Il recente intervento americano pare poi avere anche motivazioni di carattere interno. Hillary Clinton, candidata democratica alla presidenza, nel 2011 ricopriva la carica di Segretario di Stato e fu una accesa sostenitrice del coinvolgimento americano nell’aiutare gli alleati europei ad abbattere Gheddafi. Per questo è stata spesso criticata.
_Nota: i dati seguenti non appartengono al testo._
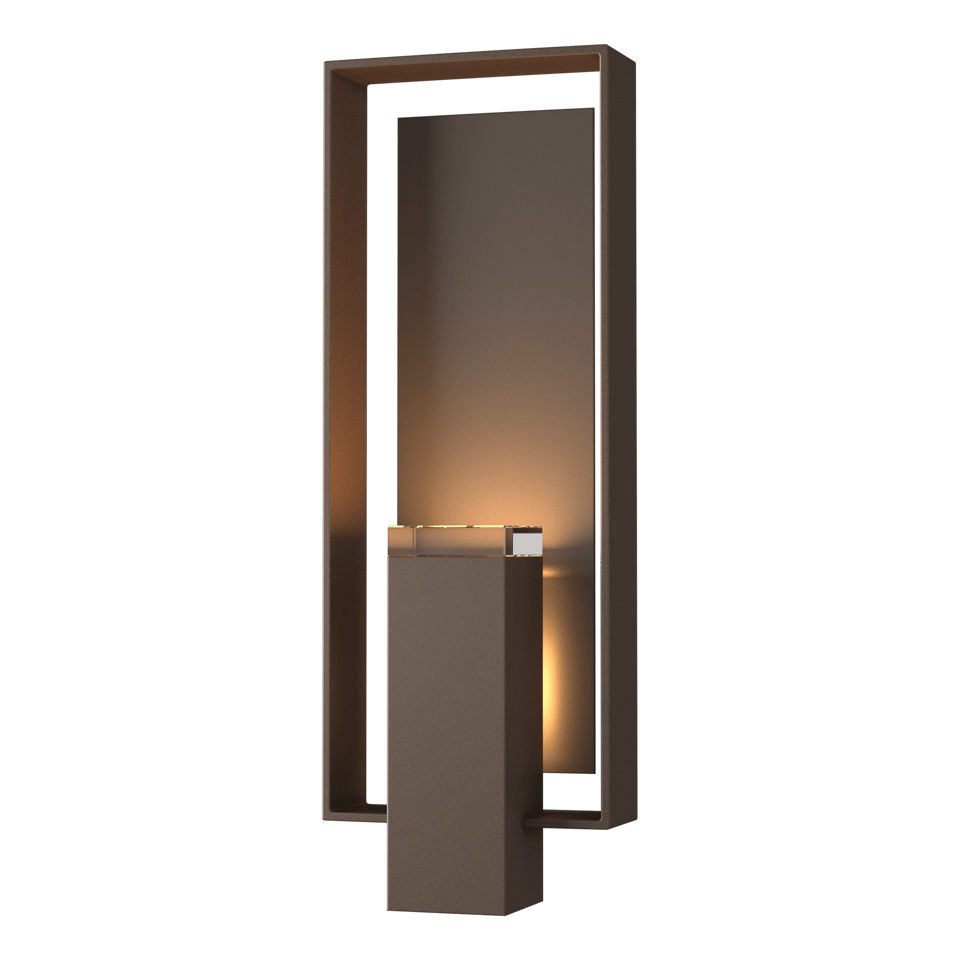 Hubbardton Forge Shadow Box Large Outdoor Sconce, Dimmable, UL Wet Rated, Multiple Finishes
Poter spendere nella campagna elettorale in corso un eventuale sradicamento dello Stato Islamico dalla Libia sarebbe ottimo per lei.
Inoltre, se dovesse diventare il prossimo Presidente americano, la sua linea di politica estera mediorientale (che a livello per ora solo teorico sembra decisamente più interventista di quella di Obama) sarebbe più facilmente attuabile con una Libia magari divisa in due, ma non ripiombata nel caos per l’eventuale collasso del governo Serraj.